Previous 1 3 4 5 6 7 Next 94 Replies Latest reply: Sep 9, 2009 4:56 AM by Barney-15E Go to original post
  • R C-R Level 6 (17,400 points)
    ddhatfi wrote:
    This is like an emergency room full of people with problems, and not healthy people. But when an emergency room sees a lot of people all of a sudden with the same illness right after an event, they have to start thinking there is something bigger going on than just random people all getting sick at the same time!

    But at this emergency room, we aren't seeing a lot of Macs with the same illness. The symptoms are all over the map. For instance, there are not many reports of your "all kinds of problems." This implies that there is nothing unusual going on.

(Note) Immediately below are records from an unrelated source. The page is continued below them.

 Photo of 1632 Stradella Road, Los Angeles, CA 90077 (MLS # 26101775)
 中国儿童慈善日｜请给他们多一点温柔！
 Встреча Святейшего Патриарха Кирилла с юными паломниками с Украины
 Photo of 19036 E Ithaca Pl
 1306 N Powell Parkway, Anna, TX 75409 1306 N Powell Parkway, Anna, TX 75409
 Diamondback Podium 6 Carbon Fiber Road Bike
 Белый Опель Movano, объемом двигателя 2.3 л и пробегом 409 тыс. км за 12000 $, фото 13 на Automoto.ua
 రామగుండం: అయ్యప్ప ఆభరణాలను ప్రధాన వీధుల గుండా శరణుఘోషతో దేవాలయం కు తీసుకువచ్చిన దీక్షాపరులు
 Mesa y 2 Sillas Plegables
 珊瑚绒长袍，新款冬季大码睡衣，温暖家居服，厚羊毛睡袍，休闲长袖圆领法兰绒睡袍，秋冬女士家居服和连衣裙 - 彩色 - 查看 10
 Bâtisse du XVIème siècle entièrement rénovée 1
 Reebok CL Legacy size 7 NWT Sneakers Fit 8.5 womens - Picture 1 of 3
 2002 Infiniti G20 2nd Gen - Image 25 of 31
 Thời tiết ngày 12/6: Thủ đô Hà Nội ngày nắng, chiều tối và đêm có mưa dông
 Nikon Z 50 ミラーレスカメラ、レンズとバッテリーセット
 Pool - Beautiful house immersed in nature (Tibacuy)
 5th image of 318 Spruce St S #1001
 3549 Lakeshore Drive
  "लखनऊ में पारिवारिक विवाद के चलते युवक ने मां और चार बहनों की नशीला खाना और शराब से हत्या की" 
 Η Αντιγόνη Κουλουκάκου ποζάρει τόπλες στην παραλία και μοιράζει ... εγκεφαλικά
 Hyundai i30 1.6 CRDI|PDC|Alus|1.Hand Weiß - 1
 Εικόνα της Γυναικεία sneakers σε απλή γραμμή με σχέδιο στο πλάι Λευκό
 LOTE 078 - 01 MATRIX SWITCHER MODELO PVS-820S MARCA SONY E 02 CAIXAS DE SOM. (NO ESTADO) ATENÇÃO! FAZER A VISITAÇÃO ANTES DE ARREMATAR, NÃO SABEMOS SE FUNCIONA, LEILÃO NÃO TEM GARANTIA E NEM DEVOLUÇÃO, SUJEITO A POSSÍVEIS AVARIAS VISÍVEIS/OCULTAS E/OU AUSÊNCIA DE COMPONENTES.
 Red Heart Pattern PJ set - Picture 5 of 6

    Please keep in mind that we see this pattern after every OS upgrade is released & far more often than not, the source of the problems can be traced to something other than the upgrade itself. For instance, it isn't that unusual for Mac Pro owners to have installed aftermarket graphics or other expansion slot cards that Apple doesn't support. It should not be too surprising that they can interfere with the installation of the new OS or cause instabilities because their drivers have not been updated. The same is true for added memory modules, some of which don't quite meet specs due to manufacturing defects or aging. It isn't that uncommon for those modules to work OK with one OS version but fail to do so with a later one that demands more from them.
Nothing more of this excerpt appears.